W1-2/3 Prioritization (6/27)
On Wednesday we covered prioritization. What is the most important
thing to respond to first? How do we determine what is and what isn't more
important? How do we assess the risk being taken? How much risk is too much
risk? While some matters may be more general, a lot of prioritization will be
based upon what the establishment is doing, who would target them, what
resources does the establishment have for defense, etc. The effectiveness of
cyber response teams is determined by how appropriate the prioritization of
incidents is. Randomly responding and less formalized response protocols/orders
(e.g. stacks/LIFO or queues/FIFO) will hinder the potential security
capabilities of an establishment. One cannot prioritize for random or abstract
orders and expect any type of long-term success. It is best to make decision
making and risk taking as formalized as possible. What you do is just as
important as what you do first. Basically, some things are more important to
attend to right away and other things can wait while you attend to more
important tasks. Just because the outcome of something is a major threat does
not mean it is a high priority.

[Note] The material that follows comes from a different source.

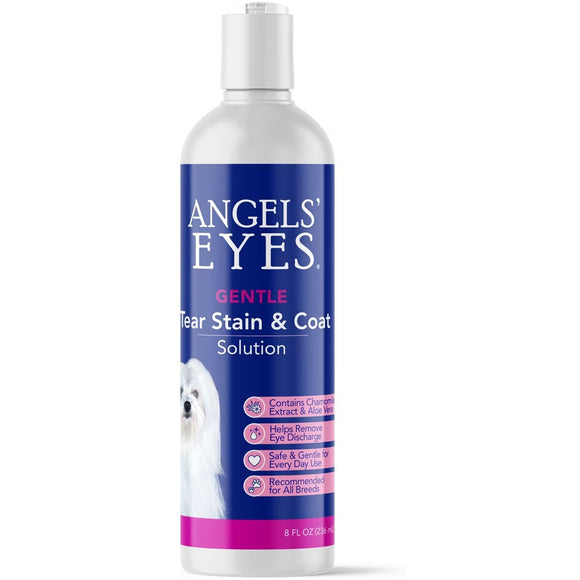 Bottle of Angels' Eyes Gentle Tear Stain & Coat Solution on a white background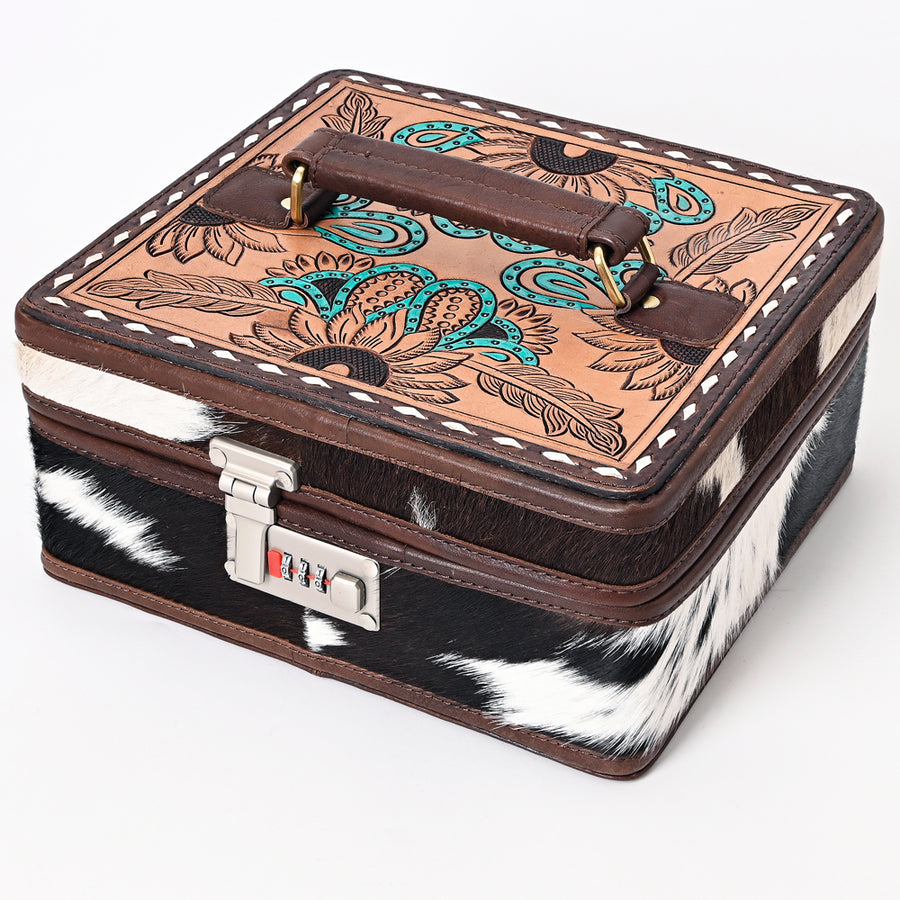 American Darling Hand Tooled Leather Hair-On Cowhide Jewelry Case - Uhorse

If that threat is very unlikely to happen then
it is not nearly as important as other matters. For example, the sun could be
compromised (whether that be going supernova or otherwise) and we would all be
in great danger but the chances of that happening anytime soon is extremely
unlikely. Inversely this concept remains true. For example, if I'm highly
likely to be stung by a sweat bee at the park and I am not allergic then I am
not highly concerned about this anemic threat. Unless I am allergic in which case,
I am highly susceptible to it. Once it is determined how susceptible something
is, how big of threat is an outcome is if it occurs, and how likely an outcome
is to occur is compared then priority can be determined, and action can be
taken.
The strategy of
cyber security is becoming more and more interesting to me. I've always found
satisfaction in the nuance of things. The simplicity/complexity of any subject
is relative and like a fractal the deeper one looks into something the more
they will find. I am really enjoying reading and learning about this material.
I learn things better through lecture and it is unfortunate for me that Berea's
CSC major is not more lecture based.